Peter E. Lipsky & Jenny Buckland


Nature Reviews Rheumatology 6, 179-180 (2010)


Adverse effects of chronic opioid therapy for chronic musculoskeletal pain

Leslie J. Crofford


Nature Reviews Rheumatology 6, 191-197 (2010)

In the absence of a safe and effective alternative treatment for chronic musculoskeletal pain, the prescription of opioid analgesics has escalated dramatically over the past decade. Their use, however, can be associated with the persistence, or even enhancement, of chronic pain, and might also induce powerful positively-reinforcing psychological effects that lead to clinical dependence, as outlined in this Review.

Psychological approaches to understanding and treating arthritis pain

Francis J. Keefe & Tamara J. Somers


Nature Reviews Rheumatology 6, 210-216 (2010)

In this Review, the authors describe the emotional, cognitive and social context variables that contribute to arthritis pain, and how they have been used to develop psychological approaches to pain management.

Self-management of chronic low back pain and osteoarthritis

Stephen May


Nature Reviews Rheumatology 6, 199-209 (2010)

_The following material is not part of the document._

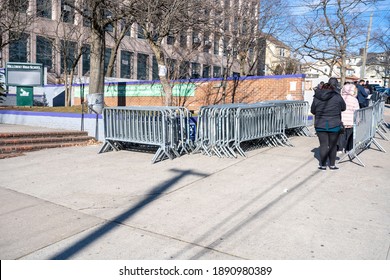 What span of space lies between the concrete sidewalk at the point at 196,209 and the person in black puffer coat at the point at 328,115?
1.77 ft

Individuals with chronic back pain or osteoarthritis often do not seek healthcare because of these problems, but instead make use of a range of self-care strategies. This article explores several aspects of self-management, and includes a review of the evidence for the effectiveness of various self-management programs for these two musculoskeletal conditions.

Surgical options for patients with shoulder pain

Salma Chaudhury, Stephen E. Gwilym, Jane Moser & Andrew J. Carr


Nature Reviews Rheumatology 6, 217-226 (2010)

Surgery for painful shoulder conditions is usually only considered when conservative treatment fails. This article outlines the features of and indications for surgery in common painful conditions that affect the shoulder.


The role of the rheumatologist in managing pain therapy

David Borenstein


Nature Reviews Rheumatology 6, 227-231 (2010)

Despite the high number of patients who present to their rheumatologist with pain, this symptom remains undertreated in the clinic. In this Perspectives, David Borenstein explores reasons for the undertreatment of pain in patients with rheumatic disease, and argues that the rheumatologist's role in this regard should be brought to the forefront.